Features:
LLNL SCIENTIST REFUTES HIGH-END CRUSADER'S LINPACK CLAIMS
LETTER TO THE EDITOR
"In another recent High-End Crusader article in HPCwire ("Top500 And HPCC
Benchmarks---What They Can And Can't Do" [107896]), your correspondent argued
that Linpack is woefully inadequate when it is used as the _only_ benchmark
for parallel computers. Essentially, Linpack only gives us performance
estimates for programs with artificial locality characteristics. A Linpack
result only tells you how well a parallel computer runs a program with an
abundance of local and global spatial and temporal locality. Linpack needs to
be complemented with other benchmarks that tell you how well programs with
totally different locality characteristics run." -- The High-End Crusader,
108466.html
I do not disagree with HEC's claim that the Linpack benchmark by itself tells
us only a limited amount about the computer on which it is run, though as a
minor aside, I find this somewhat tautological in that *any* single data point
is necessarily of limited use. Were I buying a large supercomputer, I most
certainly would insist on more performance data than just the Linpack
benchmark result.
However, as the lead for Lawrence Livermore National Lab's Linpack benchmark
team on ASCI Blue in 1999 and as a member of the ScaLapack team at the
University of Tennessee before that, I have spent considerable time working on
algorithms and software for optimizing large, dense linear algebra
computations, including the LU factorization with partial pivoting computation
that defines the Linpack benchmark, and I can say with confidence that the
Linpack is anything *but* an easily parallelizable computation and that it
involves a huge amount of very fine-grained communications and
synchronizations. What localization of communication and computation is
exploited in today's Linpack benchmark codes is the result of extremely clever
algorithmic and data-structure developments, as evidenced by the complexity of
HPCLinpack, the code developed at the University of Tennessee (largely by
Antoine Pettitet and Clint Whaley) that served as the basis of my Linpack
benchmarking effort and I believe several other subsequent efforts: HPCLinpack
is at least one if not two orders of magnitude more complex than a
straightforward implementation of LU factorization with pivoting, that
complexity needed to implement the recursive algorithms that maximize spatial
and temporal locality.
At each step of the computation, where a step corresponds to a single (block)

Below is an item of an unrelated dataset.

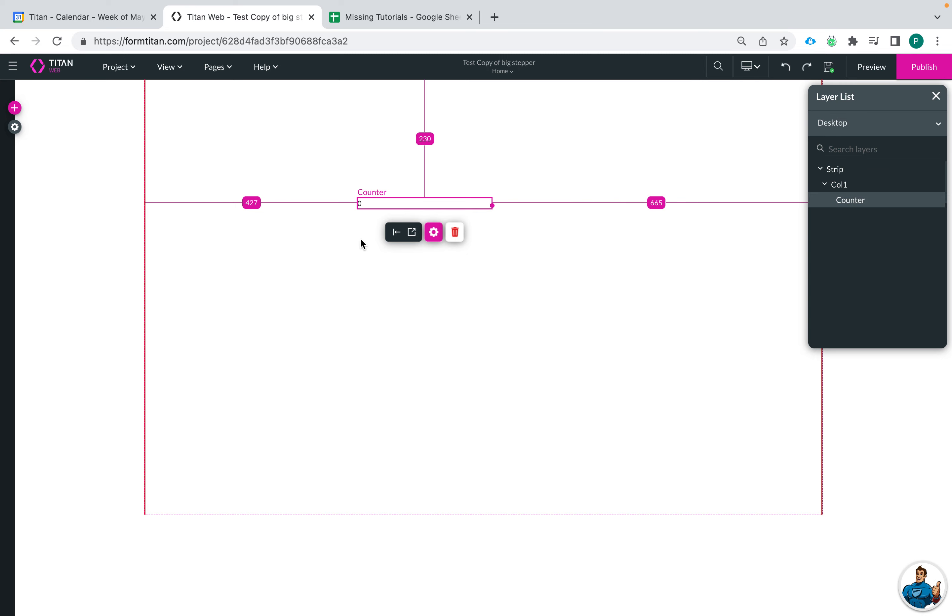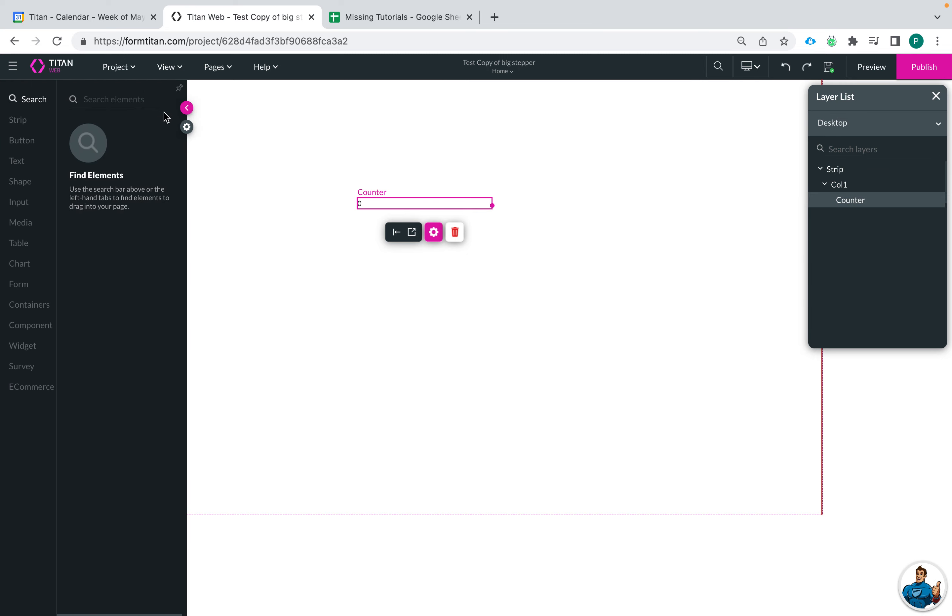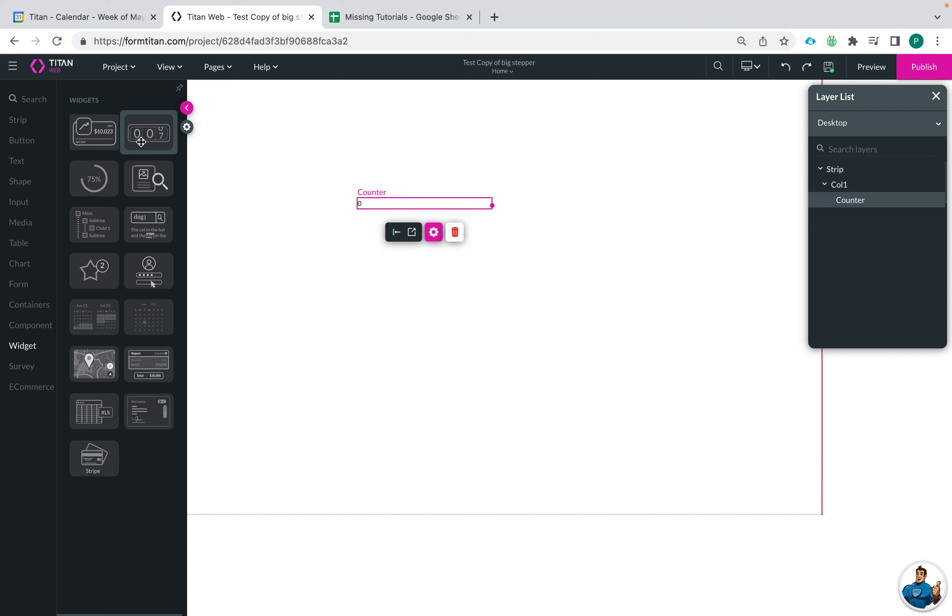So here is my counter element and you can add one in by going to the plus sign, go to widget, and then you're able to drag and drop this counter into your web experience.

row of the matrix being factored, fine-grained communication must be used to
communicate information between *every single processor* in the parallel
computer (it is not an all to all communication, but rather a set of parallel
one-to-many communications), and computation cannot proceed until that
communication is completed. This is definitely *not* the kind of easy, coarse-
grained parallelism that the HEC seems to be implying: there is a distinctly
global, tightly synchronized nature to the Linpack computation. Many other
computations map much, much more easily onto parallel computers, e.g. those
with very decoupled physical domains on which considerable computation can be
done independently and only nearest-neighbor communication is required.
If there is an aspect of the Linpack computation that makes it "easier" than
other parallel benchmarks, it is *regularity*. The Linpack computation is
fine-grained and requires much communication, but the computation is extremely
*regular*, and that regularity can be exploited to minimize synchronization
delays and thus keep the processors performing useful work throughout the bulk
of the computation, as long as the communication requirements do not create a
delay. As I said, algorithmic developments developed over a considerable body
of research on the subject have provided the advances needed to keep the
computation flowing, at least until the point that the remaining matrix
becomes too small to cover the communication delays: the efficiency of the
calculation decreases toward the end of the benchmark. Many realistic codes do
not share this property of regularity.
I think it is important to properly characterize the Linpack benchmark as not
being "embarrassingly parallel", which seems to be a possible inference from
HEC's comments on the benchmark. It is anything but: researchers have had to
work very hard to extract the parallel efficiency that they currently get, and
even then, that efficiency is only achieved on enormous problems.
Best Regards,
Andy Cleary
Andrew J. Cleary, Software Engineer/Computational Scientist
Lawrence Livermore National Labs, 925-424-5890.
|